What's It All About, Sebastian; A Turkish Delight as Vettel Takes Out Teammate

Antony HerbertAnalyst IIIMay 30, 2010

ISTANBUL, TURKEY - MAY 30:  Mark Webber of Australia and Red Bull Racing leads from Lewis Hamilton of Great Britain and McLaren Mercedes at the start of the Turkish Formula One Grand Prix at Istanbul Park on May 30, 2010, in Istanbul, Turkey.  (Photo by Mark Thompson/Getty Images)
Mark Thompson/Getty Images

This article was originally going to comment upon my insatiable optimism for the remainder of the season.

The title fight looked in full swing as the fantastic four, composed of the two Red Bulls and the two McLaren’s delightfully and commandingly squabbled throughout.

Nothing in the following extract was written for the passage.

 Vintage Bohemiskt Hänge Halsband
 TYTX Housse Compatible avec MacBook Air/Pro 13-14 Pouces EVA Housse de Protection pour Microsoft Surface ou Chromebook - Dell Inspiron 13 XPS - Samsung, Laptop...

Even Jenson Button who has appeared distant in dry race conditions put on a show.
Sadly Sebastien Vettel went some way into ruining that.

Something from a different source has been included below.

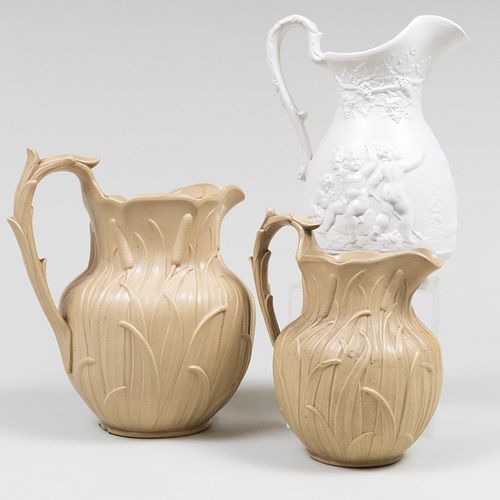 GROUP OF THREE ENGLISH DRABWARE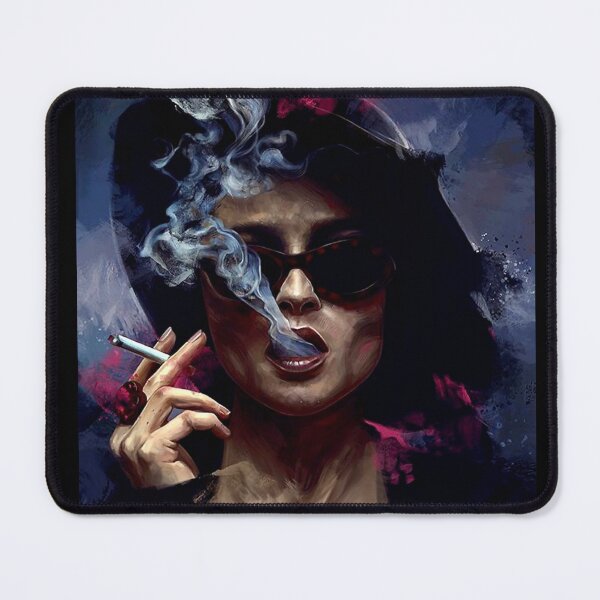 Item preview, Smoking lady designed and sold by authenticwords.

The Grand Prix of Turkey in Istanbul was however a definite spectacular, spectacle. A flowing track that allowed us to forget the bumps in the road gave us everything that can make a race day special.

We had overtaking, we had intense competition, and we had eventful drama. For the first time in quite a few years I found myself transfixed for the whole duration. I even abhorred the possibility of rain, which we were told was going to add a new dynamic to the already fruitful race.

In most Grand Prix the action after the initial outburst of excitement becomes more background noise and less unmissable sensation. Indeed the track played a part.

Then we have the drivers. This season we have been afforded a greater consistency in the talent pool. Some of the dead wood has been removed. The likes of Kazuki Nakajima and Nelson Piquet Jr. are not currently filling our screens with mediocrity.

Consequentially we become more aware of the problems and individual mistakes made by proved talents. Alonso’s failure in qualifying provided an initial focal point, and now Vettel and Webber’s collision will gift us a ever increasing and bulging word count.

Red Bull will have to lick their wounds and attempt to bounce back in Canada. Both drivers seemed to stick to niceties in the aftermath of the accident, but surely a great amount of soul searching will inspire them back into brilliance as the season progresses.

Hamilton lucked into a win that actually seemed owed to him. He was the best driver on the day, and if it had not been for the pit stop error early on, then his win may have been more forthcoming.

Still, at least he was given a platform to portray a deserved winning driver persona as his teammate Button challenged him with an ambitious overtake into the final corners late on.

McLaren may have something to say about this, as the battle seemed more born out of the order for both drivers to conserve fuel, as opposed to Button gaining an edge.

So now we have a beautiful championship in motion. We have four drivers who can and will display a level of determination to succeed.

If there are more collisions to come, then so be it. At least we would be afforded the opportunity to witness the teams allowing their drivers to fight for pride and to battle for triumph on track.

There is a slight worry that given today's events both teams may now rein this lenience in. Let’s just hope it stays the way that the sport has always been intended—as a sport of both team and individual competition.